Ese es el resultado de la educación que reciben los jóvenes hoy en día. Ya no les enseñan valores ni respeto hacia los mayores.

Algunos los detestan, otros los ignoran, los de más allá apenas si los toleran. Pareciera que esos ancianos no pudieran ser los progenitores de sus padres o de sus abuelos o, lo que parece aún más aberrante, sus propios padres o, al menos, personas mayores que merecen respeto.

A veces, cuando uno observa escenas de displicencia hacia las personas mayores, le da la impresión de que esos jóvenes, que así tratan a los ancianos, olvidaran que en algún momento de sus propias vidas ellos mismos tendrían que pasar por circunstancias similares, si Dios permite que envejezcan.

Por eso, después de una profunda meditación -yo, que ya soy casi un anciano- encuentro bueno señalar que, a pesar de haber pasado por todas las etapas de la juventud y lo que ese recorrido conlleva, llego a la conclusión de que no fuimos las actuales personas mayores quienes eliminamos la melodía de la música ni el talento y el ingenio de las creaciones artísticas; ni tampoco la buena voz a la hora de cantar ni el orgullo por nuestra apariencia exterior ni la cortesía con los demás; ni el romance en las relaciones amorosas ni el compromiso de pareja ni la responsabilidad en la paternidad ni la unión de la familia; como tampoco descartamos el aprendizaje y el gusto por la cultura ni los sentimientos de patriotismo ni el rechazo a la vulgaridad; mucho menos prescindimos de la urbanidad y el sentimiento cívico en nuestras costumbres.

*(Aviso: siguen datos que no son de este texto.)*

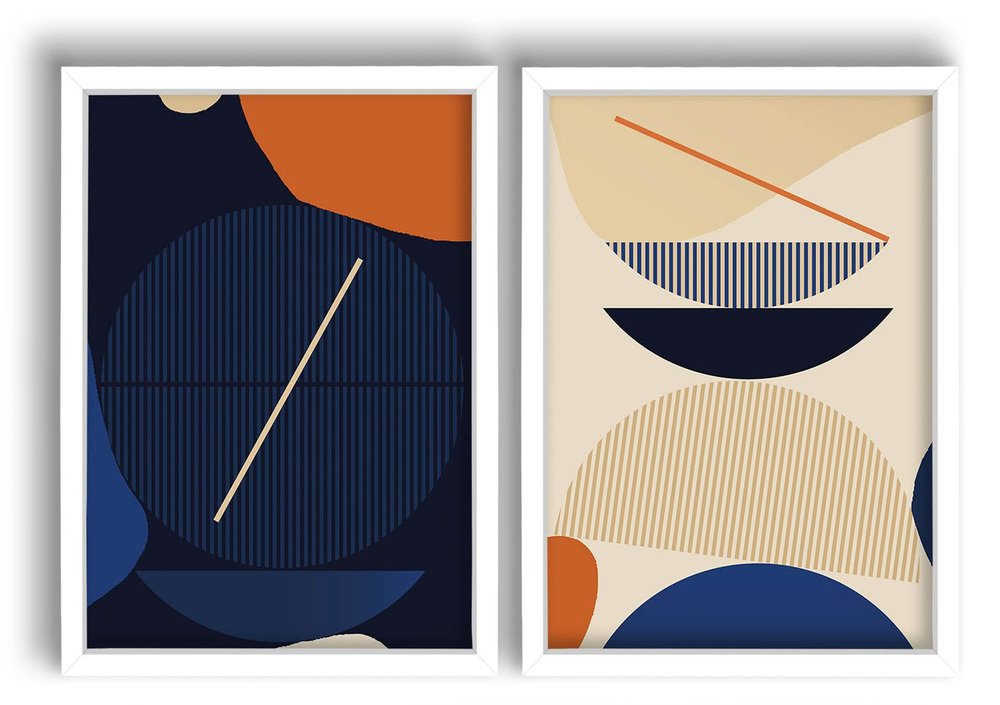 SELSEY Zestaw dwóch obrazów Arttes niebieski i beżowy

Tampoco fue nuestra generación la que eliminó el comportamiento intelectual ni el refinamiento del lenguaje ni la dedicación a la literatura; ni la prudencia a la hora de gastar ni la ambición por lograr ser alguien en la vida. Tampoco fue nuestra generación la que sacó a Dios del gobierno de las escuelas y de nuestra existencia. Y, por supuesto, que tampoco fuimos los que suprimimos la paciencia y la tolerancia en nuestras relaciones personales ni en la interacción con los demás.

Y, aun cuando ya soy una persona mayor, todavía sé cómo llegar a mi casa. Todavía duermo plácidamente en las noches, aunque al otro día el cuerpo se demore en permitir que me levante.

Todavía puedo reírme de las críticas, aunque en ocasiones no oiga lo que dicen de mí. Todavía soy bueno contando historias, no obstante a veces repito algunas. Y si bien hay quienes piensan que soy peleador, cascarrabias o intransigente, es porque olvidan simplemente que tengo edad para decir que hay cosas que no me gustan. Por ejemplo, no me gusta la congestión del tráfico, ni las muchedumbres, ni la música alta, ni los niños gritones, ni los perros que ladran, ni los políticos, ni las injusticias, ni la picardía, ni tantas otras cosas que ahora no recuerdo…

Y espero continuar el disfrute de mi vida al máximo, al poder seguir amando, escribiendo, leyendo, oyendo quedamente la música que me agrada y me da solaz.